Fact: Some app deep linking solutions require SDKs and others don’t. Solutions that require SDKs or significant technical resources can be overkill for the needs of most marketers and agencies. These platforms are designed for app developers and often include features that marketers may not need at the moment or that overlap with solutions already in place such as analytics. Some deep linking solutions also include third party tracking and device profiling capabilities which are now being blocked by Safari and Chrome which limit the usefulness of such features.
Look for a deep linking platform specifically designed for marketers and agencies that doesn’t require any tech installation or SDK. App deep links can be composed and implemented immediately and typically there is no charge for testing the links which saves you time and resources. Such platforms typically function by updating a typical web URL in a way that embeds the app open and fallback URL instructions. This type of deep link uses a URL scheme configuration within your app which functions like an address that opens the app to the right place, screen or feature.
Fact: Marketers need to have control over fallback options. The fallback URL is where the user is sent when the app is not installed. Your deep linking platform should give your marketing department or agency complete control over the fallback URL at all times. Look for a link level option to set the fallback to a specific URL or to the app stores for iOS or Android.

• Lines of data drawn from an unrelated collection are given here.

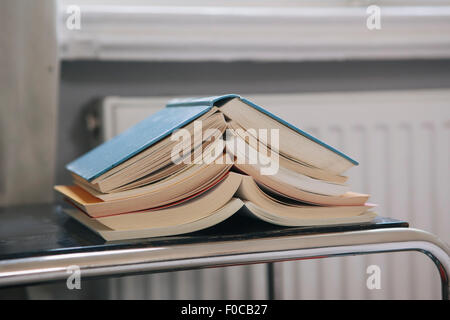 Close-up di una pila di libri aperti sul tavolo Foto Stock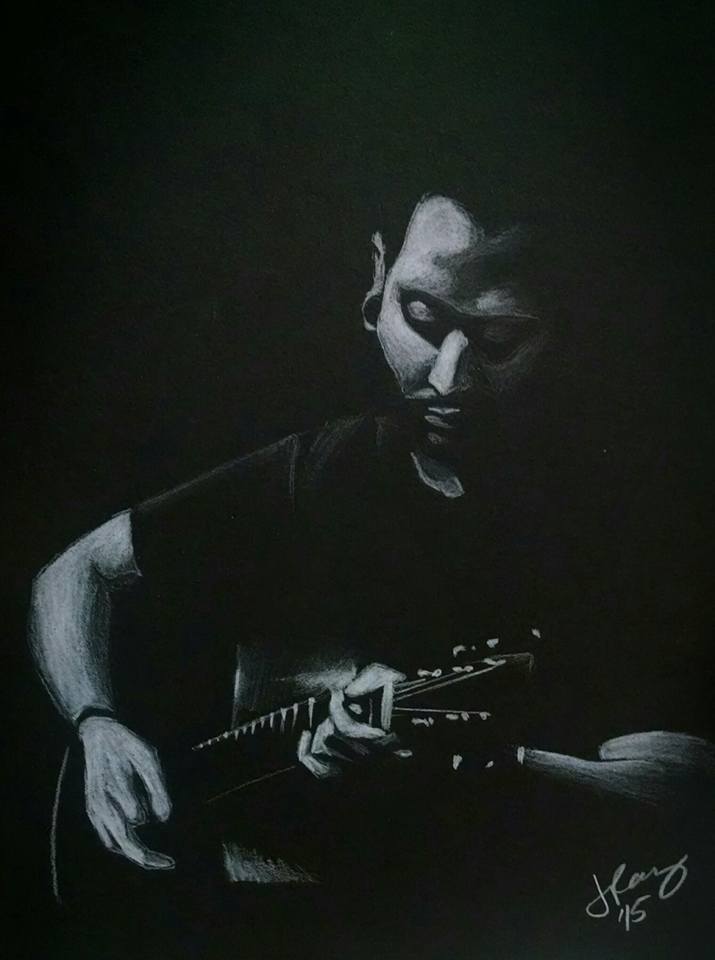 White pencil portrait of a hispanic guitar player on black paper.
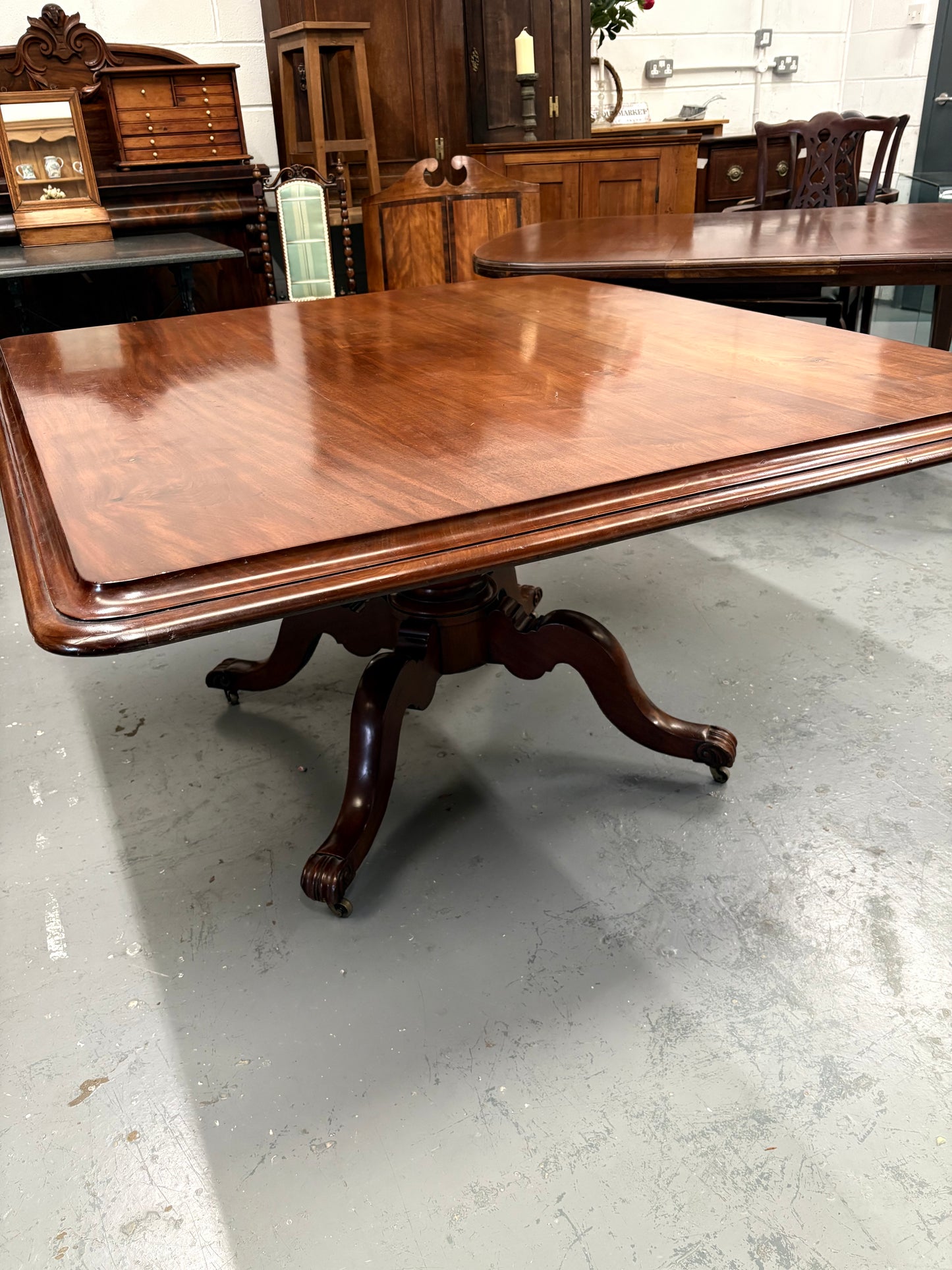 Victorian mahogany centre or dining table, rectangular top with folding action Seats 4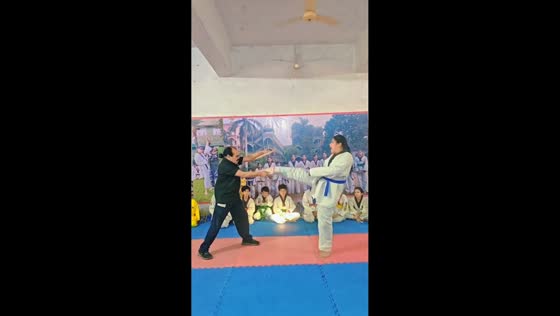 Girl hides pain after breaking tile during taekwondo training in Amroha, India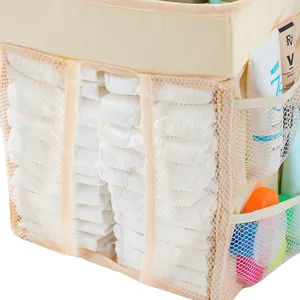 Detail view of beige diaper organizer showing mesh pockets and spacious storage sections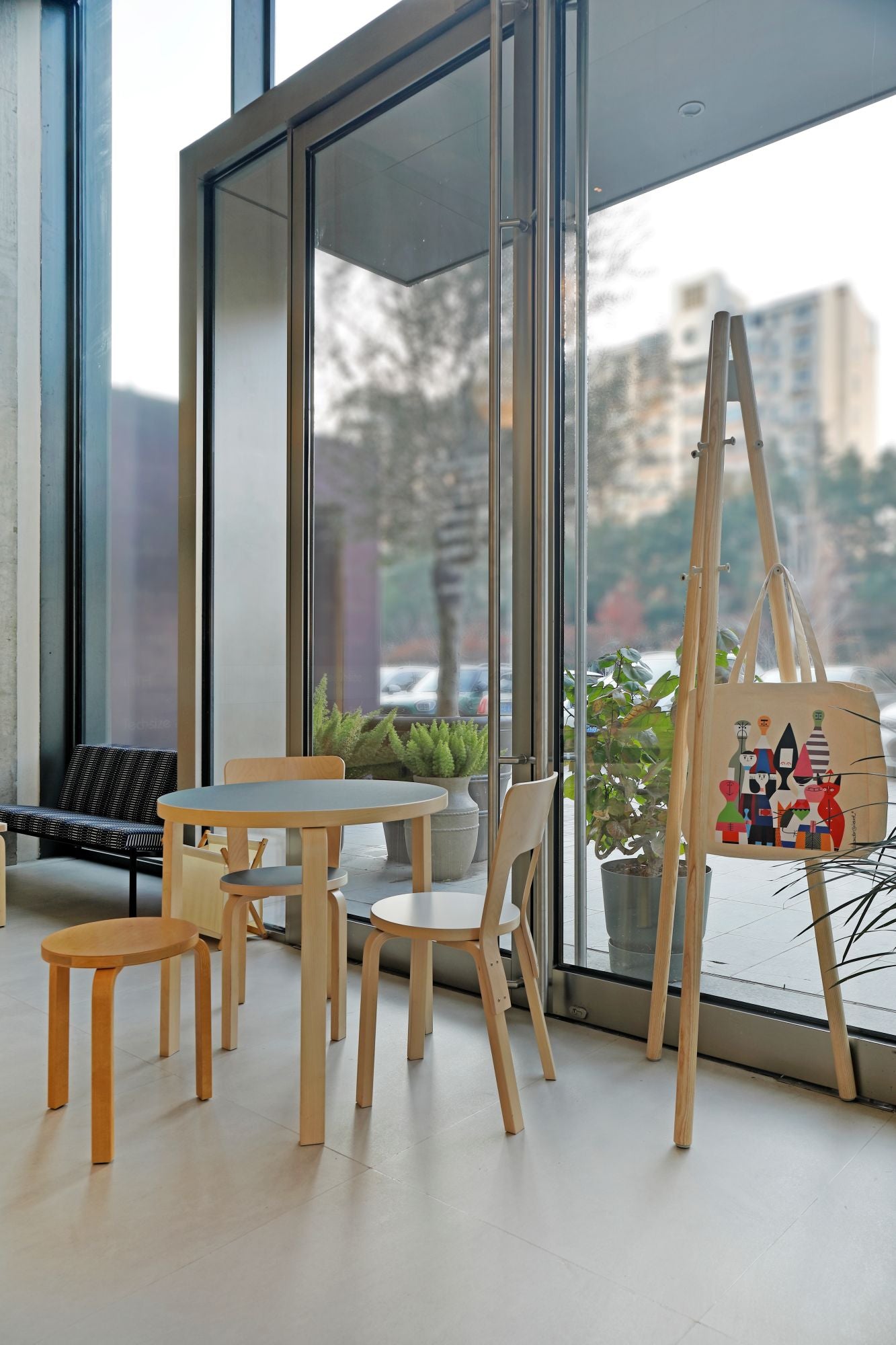 Modern interior with wooden furniture and an easel against a large window.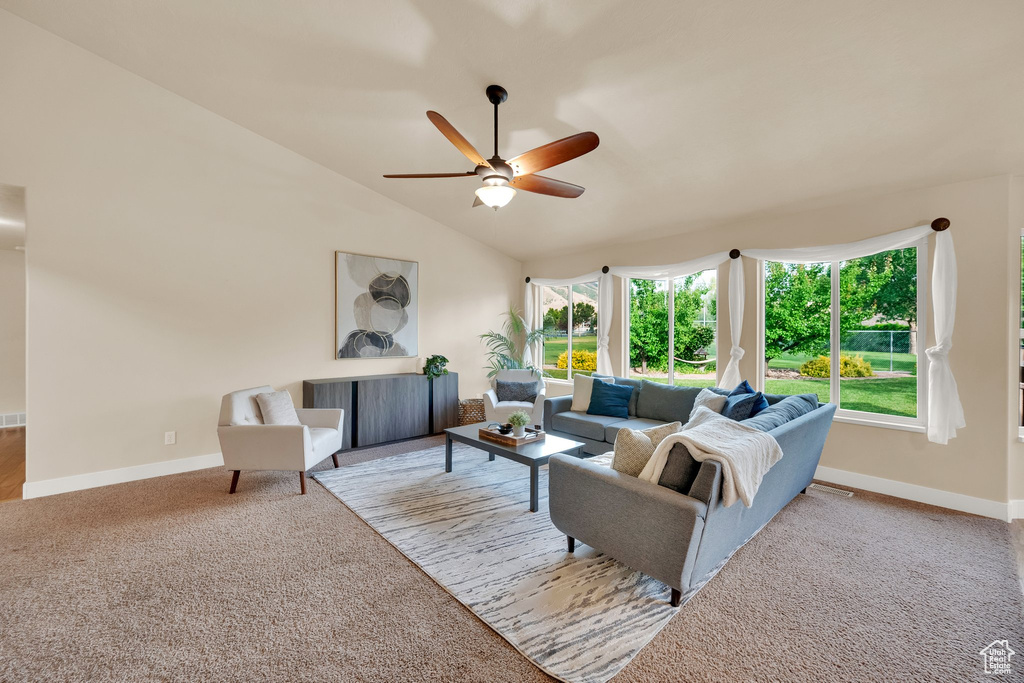Living room featuring a ceiling fan, healthy amount of natural light, carpet floors, and vaulted ceiling
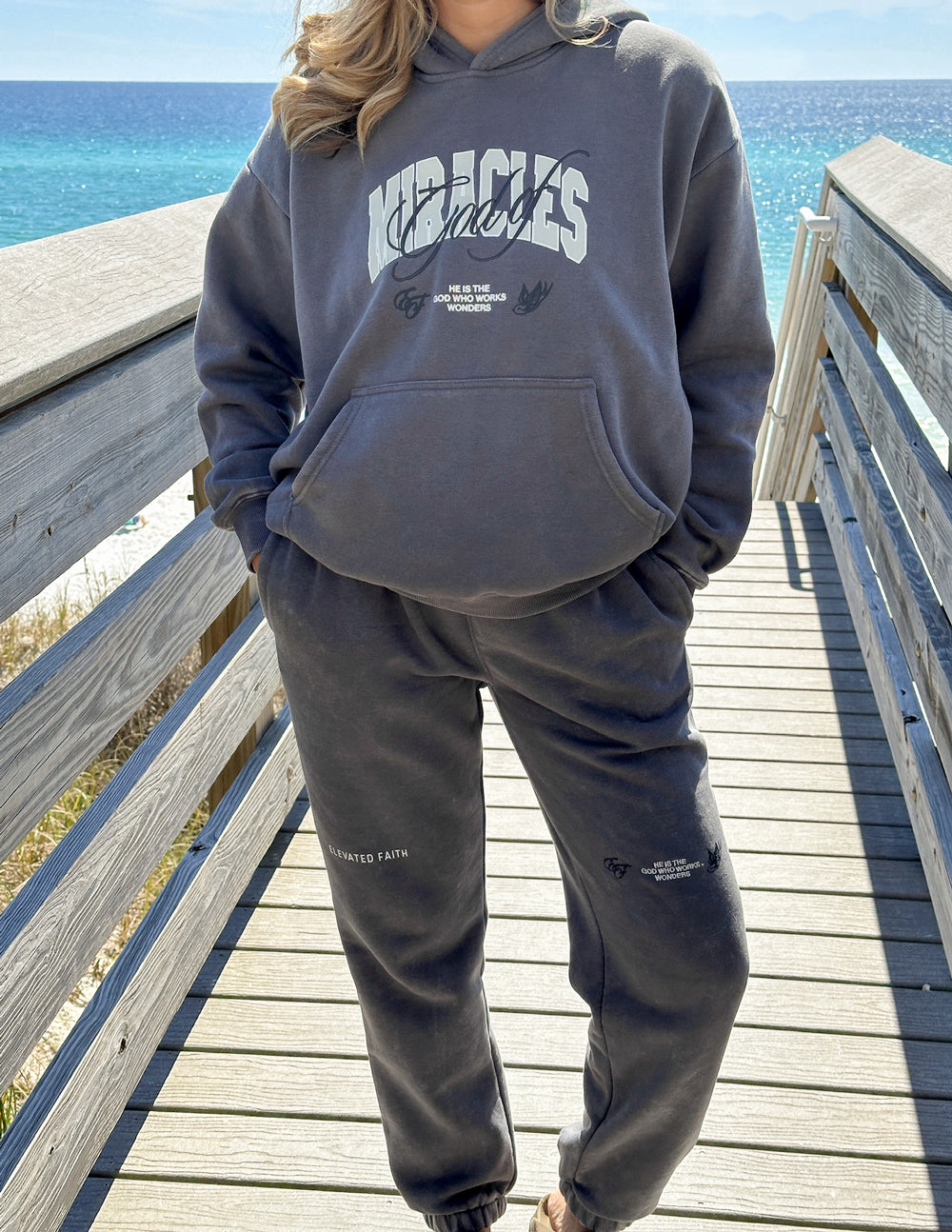 Dark gray unisex sweatpants with elastic waistband and leg logo, cuffed jogger style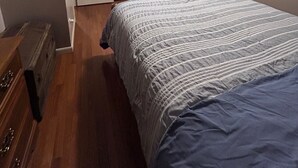 A bedroom with a bed, dresser, and a television on the wall. - Charming 3-bedroom house in Mountain City beautiful big coy pond in backyard (Mountain City)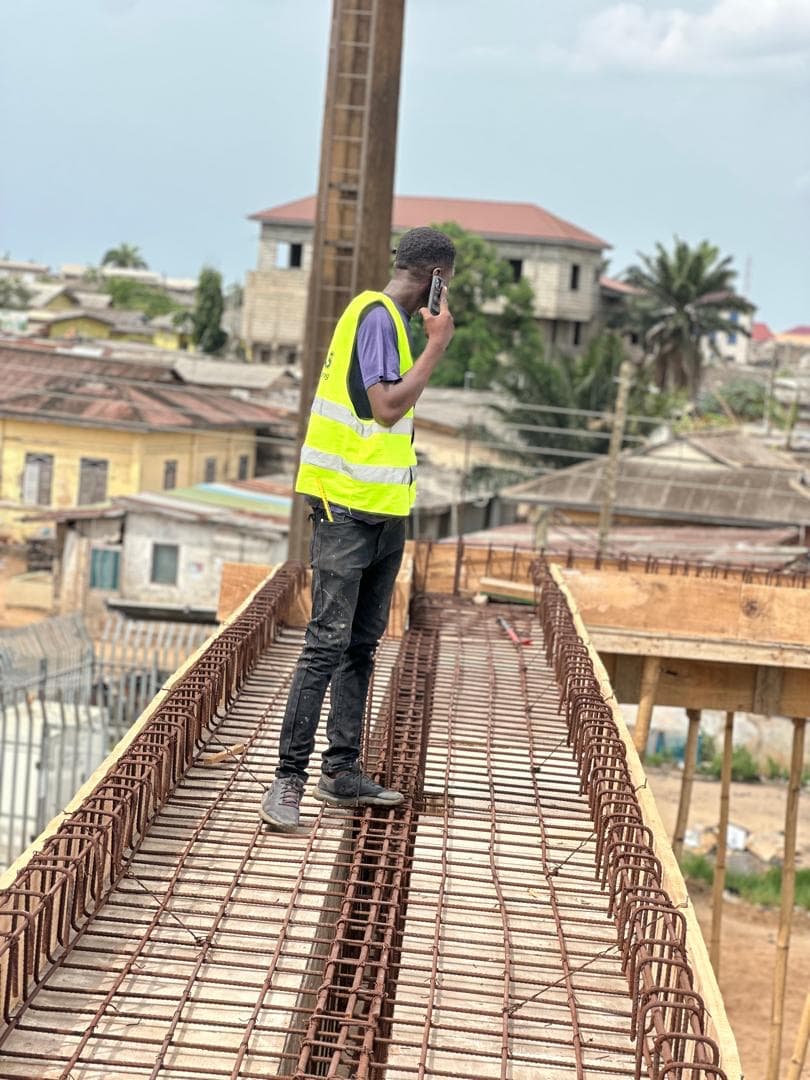 Site supervisor on a rooftop slab coordinating work by phone
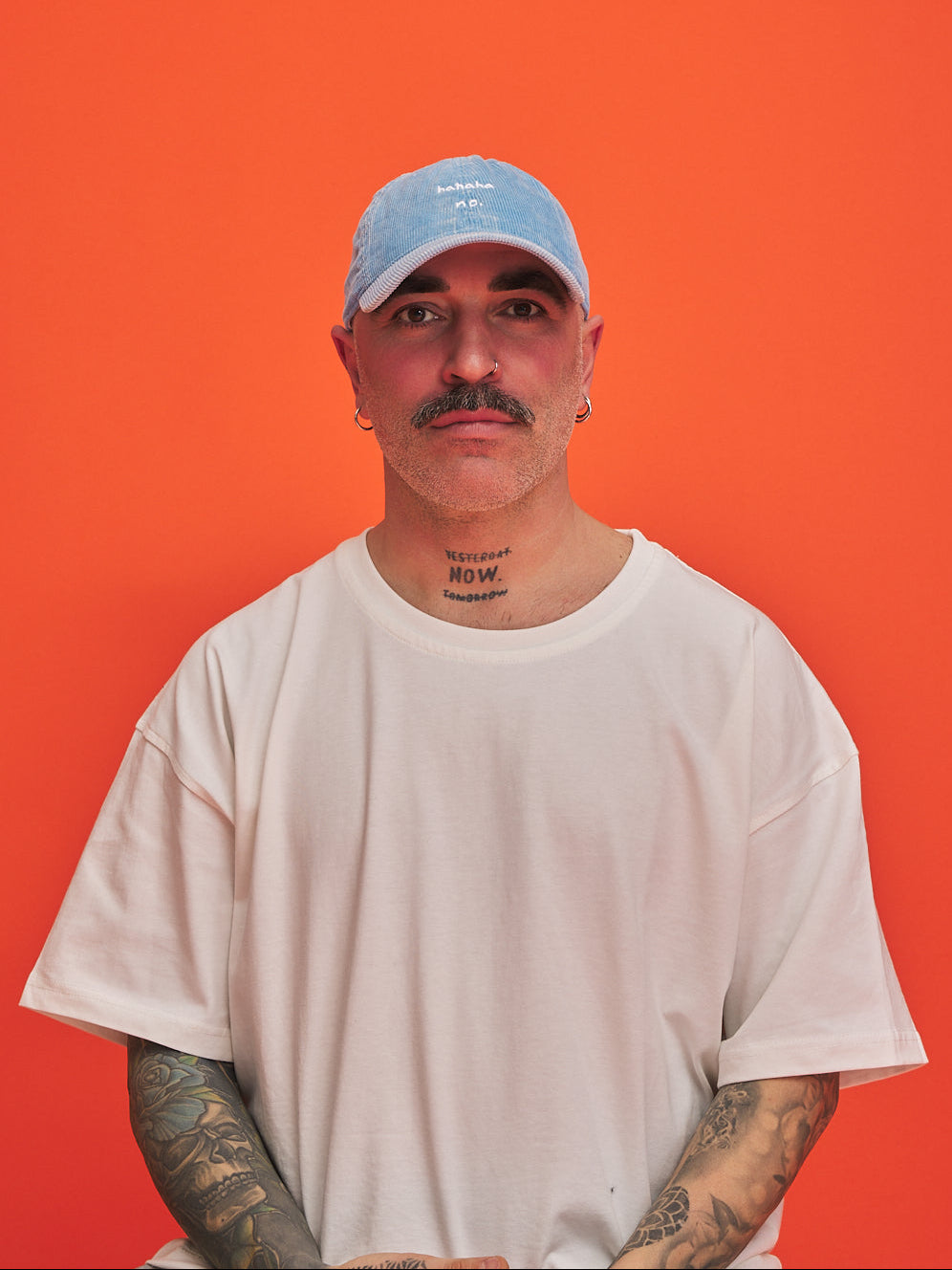 Man wearing a baby blue cap 'hahaha no' text on it and white t-shirt against an orange background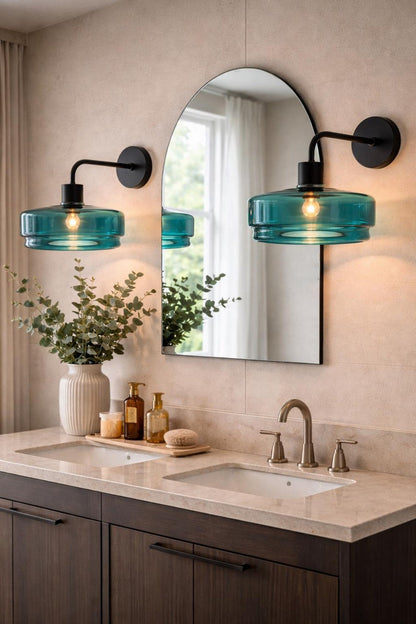 Bathroom vanity with teal glass sconces, mirror, and decorative items.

For maximum flexibility, marketers should be able to change the fallback setting instantly at anytime even while the link is in production. This allows marketers to optimize campaign goals or change landing page destinations on-the-fly as needed.
Fact: Apple Universal Links and Google Firebase are technologies designed to surface app content that is relevant to mobile search results and also offer some deep linking capabilities. Marketers and agencies, however, typically need deep linking for email and paid media channels and often don’t realize that they can create their own app deep links anytime in a way that is independent of these technologies.
Marketers should also know that Universal Links and Firebase may not work from certain marketing channels or in certain use cases. In addition, marketers may need to link to app-only content or features where Universal Links and Firebase have not been applied or cannot be implemented for technical reasons.
These roadblocks need not slow down marketers or agencies that need app deep linking capabilities for other channels and campaigns. Consider app deep linking as an effective marketing strategy that can be deployed anytime in conjunction with or without Universal Links and Firebase. You should be able to create and test your app deep links immediately at no charge.
Fact: Some deep linking technologies will work with embedded browsers and some will not. This myth stems from confusion related to Universal Links and Firebase app deep linking. These technologies often don’t work with the embedded browsers found in the apps for Facebook, Instagram, Gmail and other apps. That means when a link is enabled with Universal Links or Firebase and is clicked from organic search results, the app will open. When the same link is clicked from a Facebook or Instagram ad, however, the user is sent to the mobile website. This is because the embedded browser is not allowing the app to open which is part of a strategy to keep you within the app you’re clicking from (e.g. Facebook or Instagram).
Marketers and agencies in particular need an app deep linking solution that supports any app as well as any browser including embedded browsers. This is important because most email and paid campaigns take customers to (or from) an app or from one app to another app.
Fact: App deep linking and analytics can be confusing because some deep linking technologies are part of a broader analytics solution with a focus attribution. Most marketers, however, already have analytics for their website or app as well as various channels including email and search marketing. Do you need yet another analytics solution? Perhaps not or at least not at that moment. Your deep linking platform should support all your analytics solutions by letting you append campaign parameters or UTMs to your deep links like those commonly used for Google Analytics. Google and Apple recommend appending UTM parameters as a best practice for passing attribution information.